The conversation was an omen. A few evenings later, Eliza climbed to the deck to fetch a drink of water for herself. The night was warm to the point of discomfort.

‘Well, if it ain't my little Rosebud.' Eliza turned to meet the leering face of Jake Cowper.

‘Jake thinks he's been sent by the angel Gabriel as a gift to women,' Poll had said. ‘He's put his hands on half the women on this ship already. And he won't take no for an answer. He's like a bull eyeing a meadow of cows.'

Jake's voice was husky with lust. Eliza read his face and turned her shackled feet to flee. But not fast enough. Jake clasped her round the waist, pushed his spiky black beard into her face.

‘Give old Jake a little kiss, lass. T'will make the next move more fun for ye.' Eliza struggled. He locked his arms round her, squeezing her harder the more she resisted. Then he wrapped a leg behind hers and pushed her to the deck. As he heaved his body to cover hers, he pinioned her with his arm and hip. In the dark, she sensed that he undid his belt buckle.

CHAPTER 17

‘A little struggle will make it sweeter for ye, child. I'll warrant I'll be your first. And good it'll be for ye. Jake the Yard Long Snake, I'm called. Ye'll count y'self lucky it were Jake as took you first.'

Eliza must think quickly. She kissed him on the lips as he lay over her, forcing her breath out of her. ‘Ah. So my little wench can't wait,' he gloated.

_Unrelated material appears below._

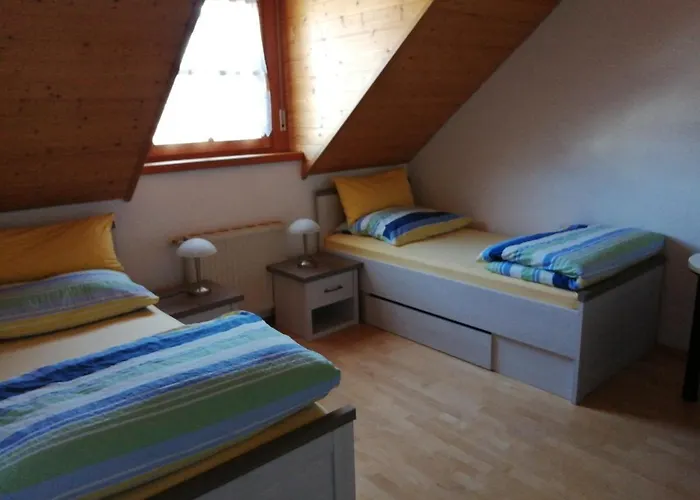 Schoene In Fuer 1 Bis 5 Personen Apartament Deggendorf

‘Wait, Jake. I have the curse. I'll take off my rags. I'll be quick.' He stood. Eliza fussed with the skirt of her smock. Then, as the ship lurched, she dived past him, swung onto the companionway, and fell down the steps onto the deck below.

‘She-devil! I'll have thee yet! Just wait.' Jake called down at her. As she tripped, she felt the irons cut her leg. In the dark, she wiped a finger over her ankle, felt the wet, and tasted it. It was warm blood — a cheap price to pay to for her escape. She limped to her berth, and smothered her sobs in her sleeve. The other convicts would have made great sport of it if they'd heard her. She fingered the palm of her hand to remind herself of Harry's naïve blood oath one more time, and fell asleep in the small hours.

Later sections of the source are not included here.